2. For non-interacting particles: the total energy is $E = \sum_i \epsilon_i$, so $Z_{\text{total}} = \prod_i Z_i$ (independent single-particle partition functions). For $N$ identical particles: $Z = Z_1^N / N!$ (classical, with Gibbs $1/N!$ correction). The factorization simplifies many-body calculations dramatically.

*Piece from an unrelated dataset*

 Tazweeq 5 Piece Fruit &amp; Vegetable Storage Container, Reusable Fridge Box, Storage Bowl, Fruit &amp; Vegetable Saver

3. Single-particle: $Z_1 = V/\lambda^3$ where $\lambda = h/\sqrt{2\pi m k_B T}$. $N$ particles: $Z = Z_1^N/N!$. $F = -k_B T \ln Z = -Nk_BT[\ln(V/N\lambda^3)+1]$ (Sackur-Tetrode). $P = -(\partial F/\partial V)_T = Nk_BT/V$, i.e., $PV = Nk_BT$. ✓

4. $F = -k_BT\ln Z = U - TS$ is the natural thermodynamic potential for constant $T,V$. At equilibrium, $F$ is minimized. It encodes all thermodynamics: $S = -(\partial F/\partial T)_V$, $P = -(\partial F/\partial V)_T$, $U = F + TS$. $Z$ is the bridge between microscopic (Hamiltonian) and macroscopic (thermodynamic) descriptions.